Rapports entre le roman épistolaire et le genre théâtral.
- On trouve dans ce roman, d'une certaine manière, le respect de la règle des trois unités : les lieux sont relativement restreints (Paris + le château de Mme de Rosemonde), temporalité limitée : l'ensemble de l'intrigue se déroule du 3 août au 14 janvier (environ 5 mois), unité d'action : au départ, on a l'impression qu'il y a deux intrigues mais finalement elles se rejoignent pour n'en former qu'une.
- La structure du roman rappelle celle d'une pièce : exposition -> dénouement, et on retrouve même, d'une certaine manière, la présence d'une fatalité lors de ce dénouement.
- Certaines situations rappellent celles du théâtre : jeu sur les couples, coups de théâtre, personnages secondaires relativement stéréotypés (dévote, jeune naïf, etc.)
- En soi le genre épistolaire présente des similitudes avec le genre théâtral : pas de narrateur, personnages qui existent par leurs prises de parole...

2) La vision du monde dans l'œuvre
Le monde dans sa généralité n'a pas bonne image (hypocrisie généralisée).
Le fait de placer Merteuil et Valmont en personnages principaux :
- Des personnages mauvais, pervers.
- Mais une perversité poussée à son paroxysme : L'impression est donnée qu'ils font le mal sans aucune mesure. Ainsi ce que fait subir Merteuil à Cécile est complètement disproportionné par rapport à ce que lui a fait Gercourt. Quant à Valmont, il ne semble avoir aucune considération pour ses victimes, comme un simple jeu = méchanceté gratuite, arbitraire. Leur perversion est toujours associée à l'intelligence, ce qui lui donne beaucoup plus de pouvoir : il y a toujours un caractère méthodique à tous les plans élaborés, et les personnages recherchent toujours du plaisir à vérifier l'exactitude de leurs prévisions.
-> Dès lors, les personnages peuvent exercer une certaine fascination ambiguë sur le lecteur, d'où un doute sur la morale.
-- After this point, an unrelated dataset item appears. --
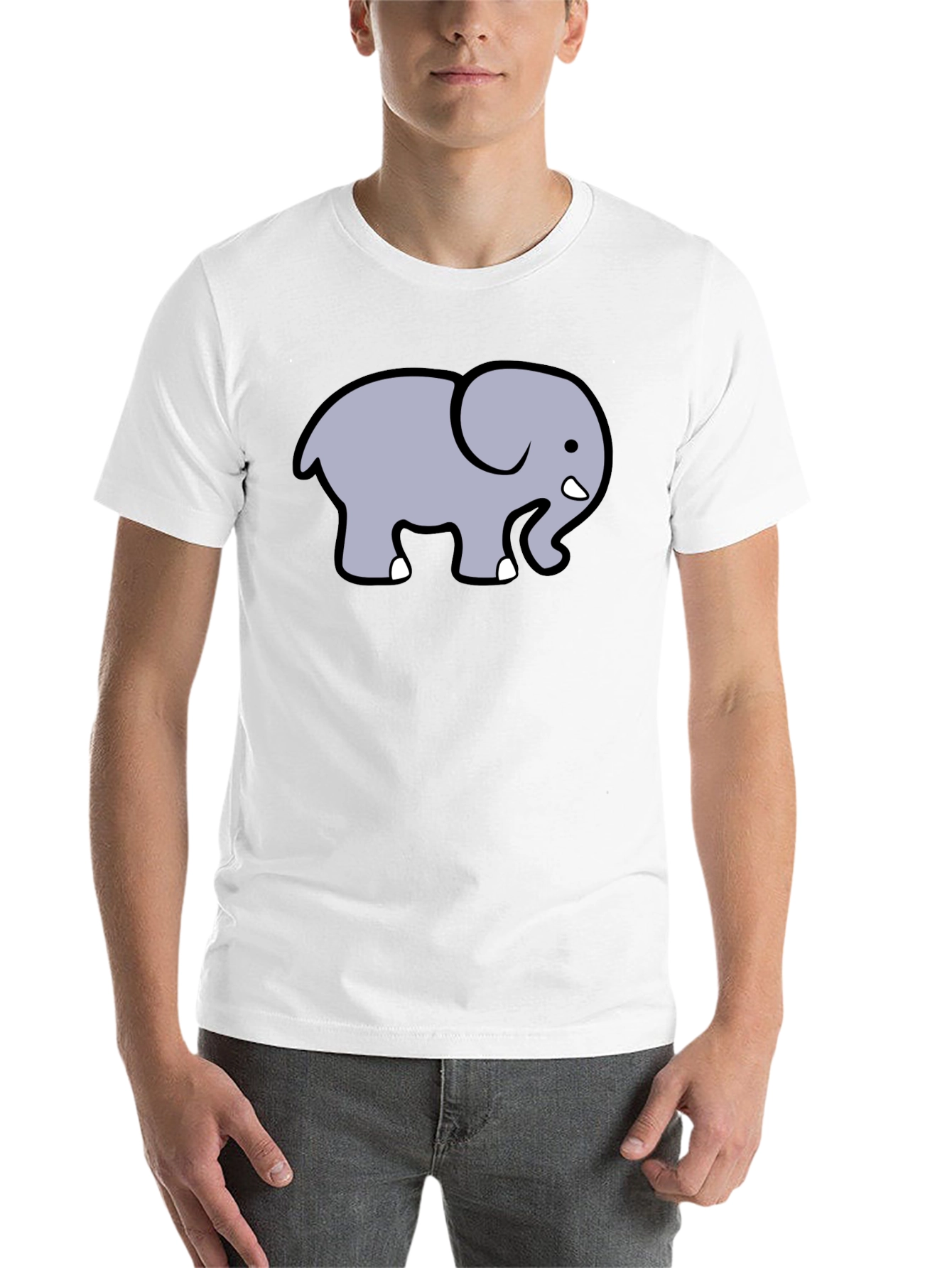 Black Cute Elephant Graphic T-Shirt - Black Cotton Tee view 14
Les Liaisons dangereuses ont-elles une morale ?

Il y a une morale (cf. explication de la lettre 175), mais certains doutes :
- La société semble irrémédiablement pervertie malgré tout et les précautions que l'on peut prendre semblent bien insuffisantes (cf. lettre 175).
- On a beau être le plus vertueux possible, on n'est jamais à l'abri du mal et de ce qui s'ensuit
- Le châtiment des deux personnages peut paraître artificiel : La mort de Valmont est rapidement « expédiée » et la société n'est jamais au courant de ce qu'a fait réellement Valmont (même s'il avait mauvaise réputation depuis le début du roman en société). Ce n'est pas le cas de Merteuil qui est détruite socialement parlant : mais quel est le rapport entre la petite vérole ou la perte de son procès et son comportement durant l'œuvre ? (cf. même problème du châtiment deus ex machina tel qu'on a pu le rencontrer dans Dom Juan avec l'intervention de la statue pour clôturer la pièce.)
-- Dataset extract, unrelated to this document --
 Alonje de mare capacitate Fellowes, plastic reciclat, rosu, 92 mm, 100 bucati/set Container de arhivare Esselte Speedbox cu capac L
Deus ex machina est une locution latine signifiant « dieu sort de la machine ».
Elle est surtout employée dans le vocabulaire théâtral au sujet d'une personne qui arrive, d'une façon impromptue (= sans avoir été prémédité), à la fin de la pièce et par qui le dénouement s'effectue.
L'expression existait déjà dans le théâtre grec pour désigner un mécanisme servant à faire entrer en scène une ou des divinités pour résoudre une situation désespérée. L'expression peut être étendue à toute résolution d'histoire qui ne suit pas la logique interne de l'histoire mais permet au dramaturge de conclure sa pièce de la manière qu'il désire. Elle peut, cependant, désigner au sens propre la simple représentation sur scène d'une divinité.